Kids come together to play and to learn the delicate art of getting along with fellow toddlers and preschoolers.
And the moms get to hear speakers present information on finances, nutrition, child safety and first aid, and much more.
“We try to make it educational and fun so the kids want to come back and see their friends,” she said.
The friendships the moms and children build are long-lasting.
“You come in, feel comfortable, build friendships, relationships with other ladies that can be lifetime friendships. You’re not going to stop being friends with them.”
You can read Dr. Spock from front to back and back to front, but there’s always gong to be a problem or situation that only another mom can help with.
“I was having a problem with Alex biting at one point,” Bordenet said. “So I talked to the other moms about how to handle this.”
MOPS meets the second and fourth Wednesday of the month at Central Church of the Nazarene, Second and Walnut streets, Fairmont.
The group is for moms of children age birth to 5 years, and of home-schooled children of any age.
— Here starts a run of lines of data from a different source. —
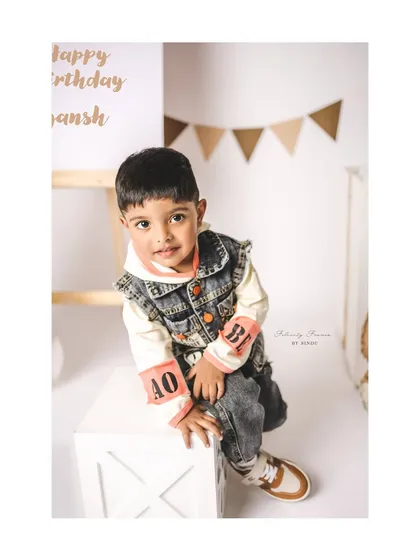 A stylish three-year-old posing for his birthday portrait. I love helping families choose outfits that match the theme and the child's personality.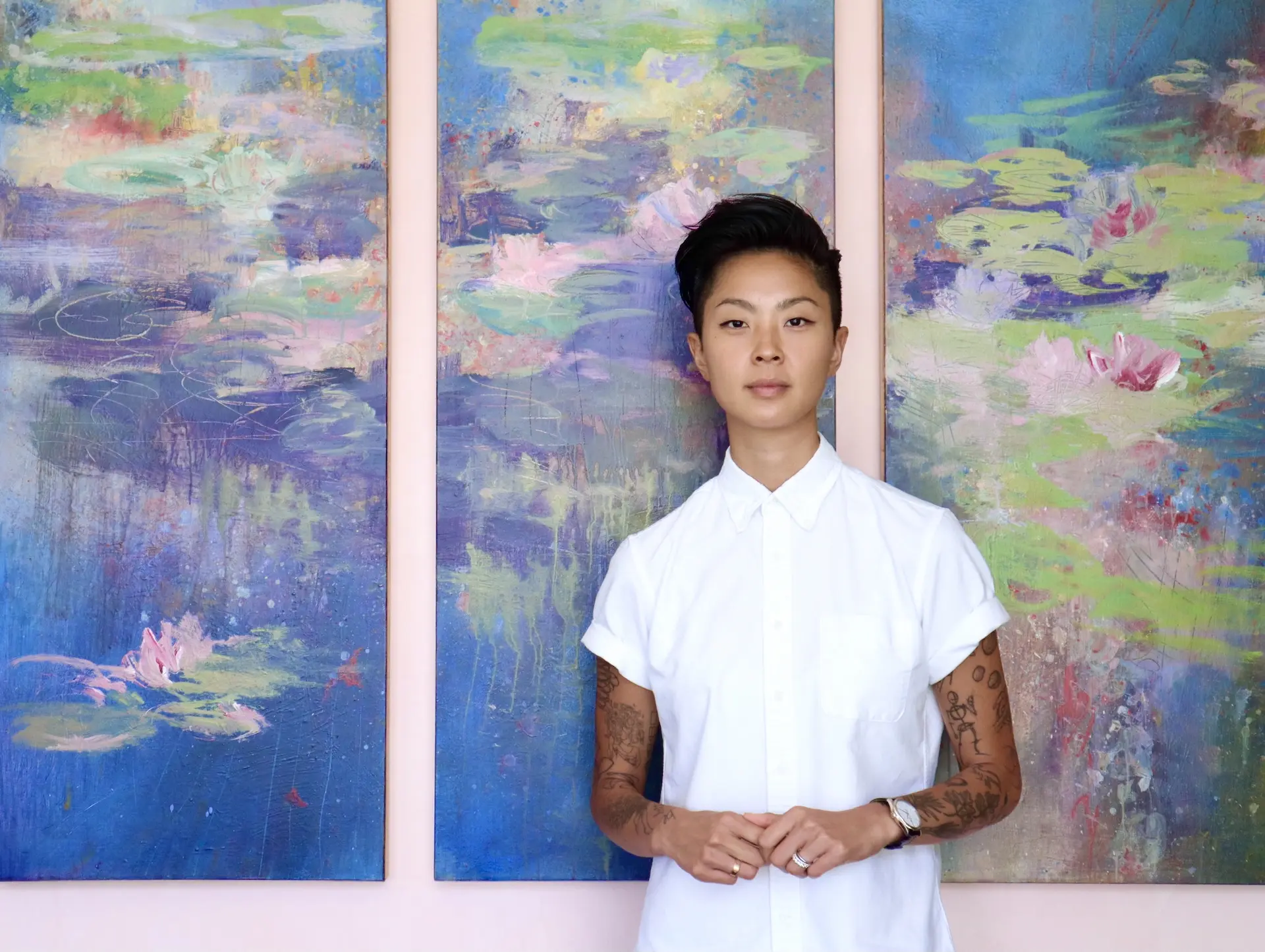 A person wearing a white collared shirt is standing in front of a painted tapestry and a pink wall.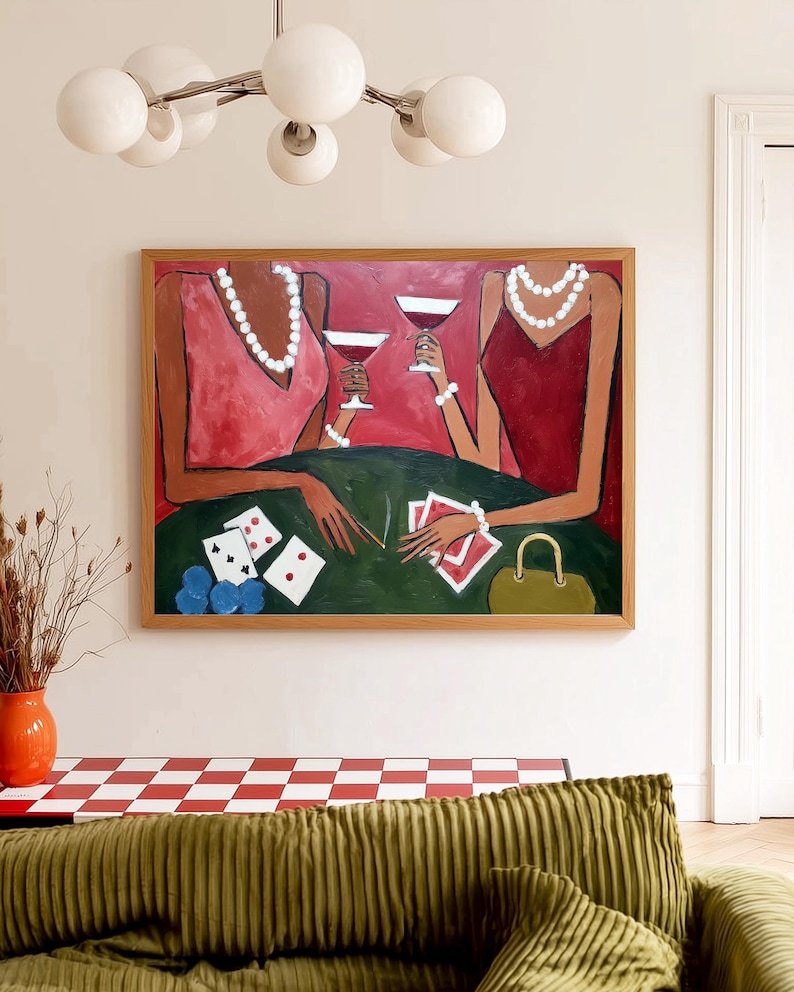 May include: An abstract painting in a wooden frame depicts two figures in red dresses, holding wine glasses. They are seated at a green table with playing cards, dice, and a purse. The artwork is set against a neutral wall, with a modern chandelier above.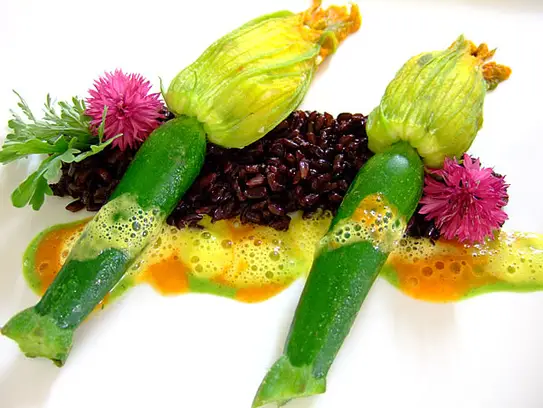 Gedämpfte Zucchiniblüten gefüllt mit Gemüsekuskus auf Venere Reis
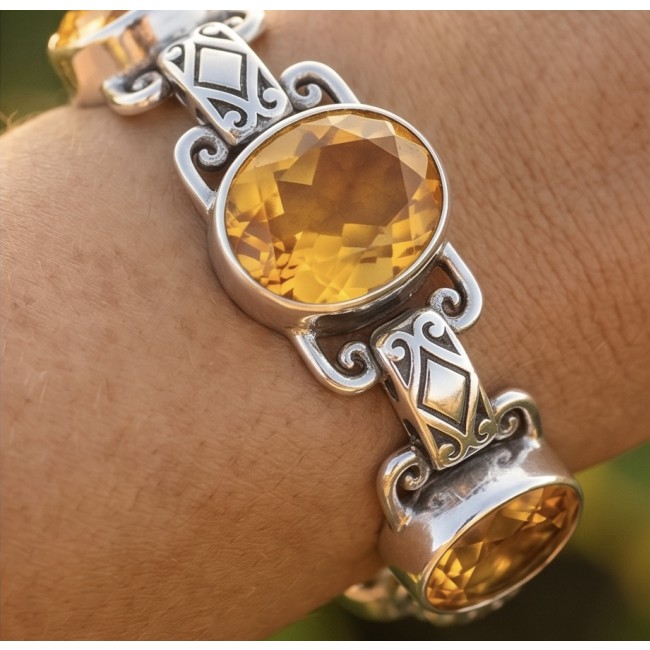 Spectacular oval cut 65.5 carat Lemon Quartz .925 Sterling Silver handcrafted bracelet - Oval Lemon Quartz bracelet close-up, worn on wrist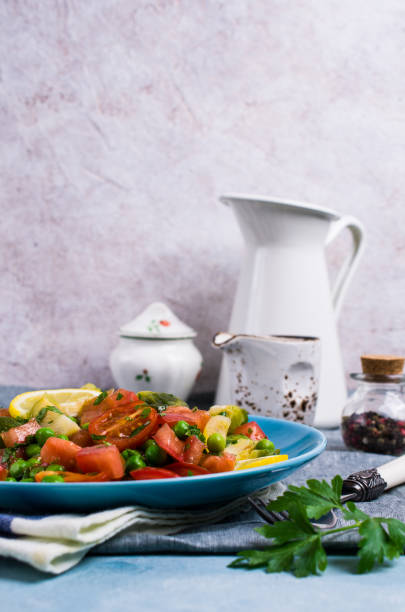 Salad with raw slices of vegetables Salad with raw slices of vegetables in a dish on the table. Selective focus. kosher starter recipes stock pictures, royalty-free photos & images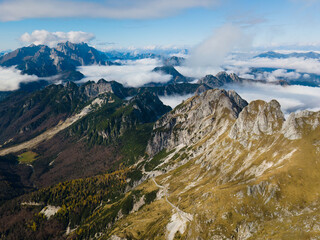 Rocky mountains rising above clouds. Photo taken with a drone. Julian Alps, Slovenia.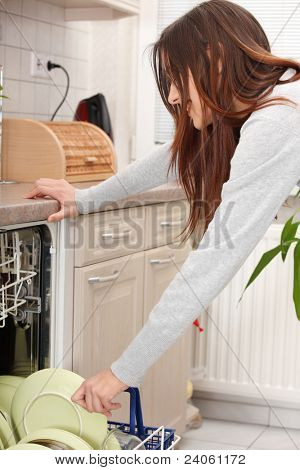 Giovane donna in cucina rassettando. Tirando fuori piatti dalla lavastoviglie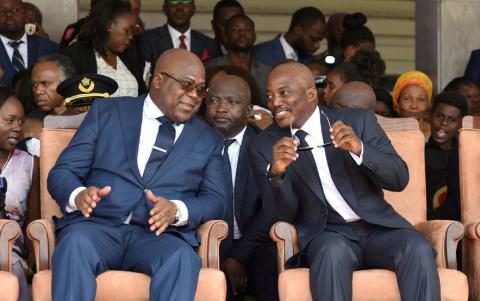 Democratic Republic of Congo's outgoing President Joseph Kabila sits next to his successor Felix Tshisekedi during an inauguration ceremony whereby Tshisekedi will be sworn into office as the new president, January 24, 2019. PHOTO BY REUTERS/Olivia Acland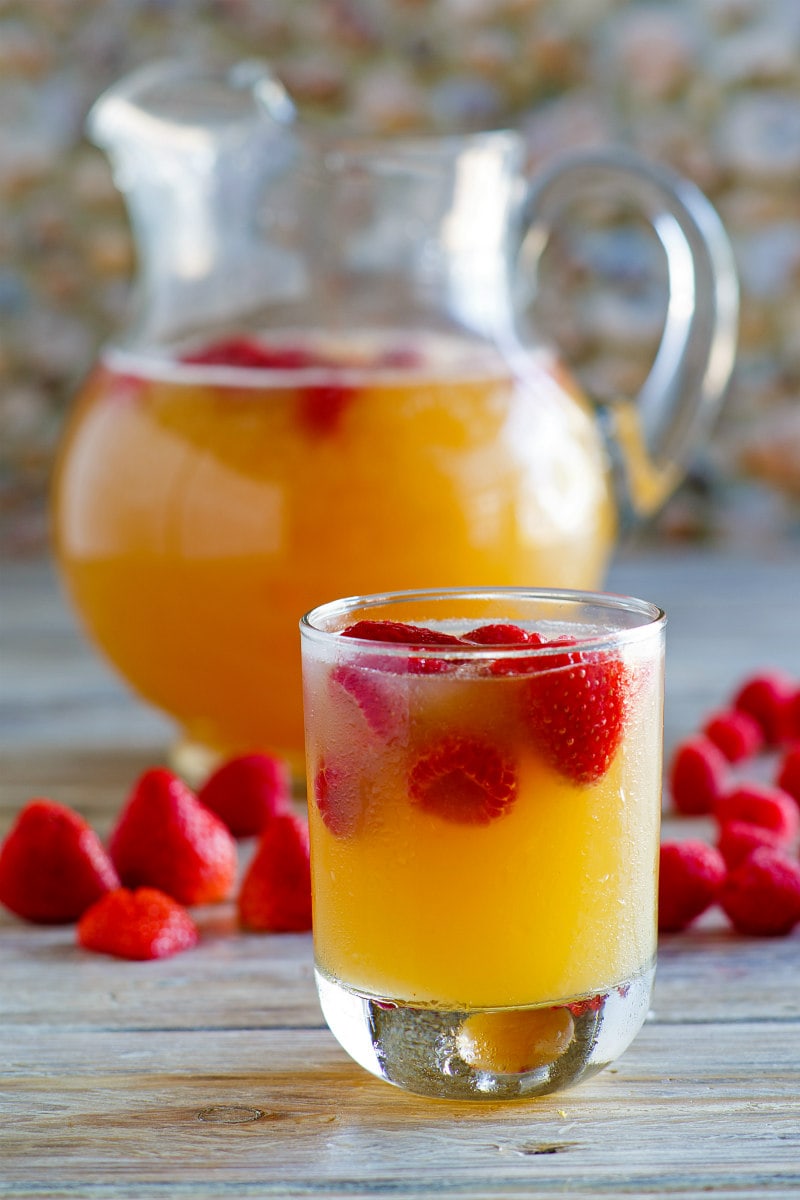 glass and pitcher of fruity vodka spritzers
Although it meets at a church and is a Christian-based organization, membership is open to the general public, regardless of religion.
Playdates are structured, with established story, snack and play times.
Then there are the unofficial, impromptu playdates when a phone call leads to the group gathering at a local fast-food joint, where the moms munch burgers and salads while the kiddies burn off energy in the playroom.
Camille Tennant, mother of 2-year-old Zaccheus, enjoys these grown-up playdates.
“One time they went to a pumpkin farm and got pumpkins to take home to decorate. They also got hayrides through the woods around the farm. They enjoy stuff like that.
“It’s good for them to be around other children their own age.
“I go for the fellowship with other women around my age with children. Say your child is going through one thing. You can talk to someone else and try what they say, and see what works and what doesn’t.”
There’s another reason Jayme Dodd likes the playdates.
“So I don’t go insane,” she said with a laugh, adding that Aleena is “3 going on 12.”
“This is a good way for mothers to connect with other mothers, to share advice and frustrations, to vent about the good stuff and the bad stuff.
“Our kids get together to play and build friendships they’ll have for the rest of their lives.
“And we make a lot of good friends, too. We’re always there for each other.
“It’s something to look forward to, something different from the everyday, mundane stuff.”
The second piece of advice?
“I may not be the perfect mother, but I am the perfect mother for my child.”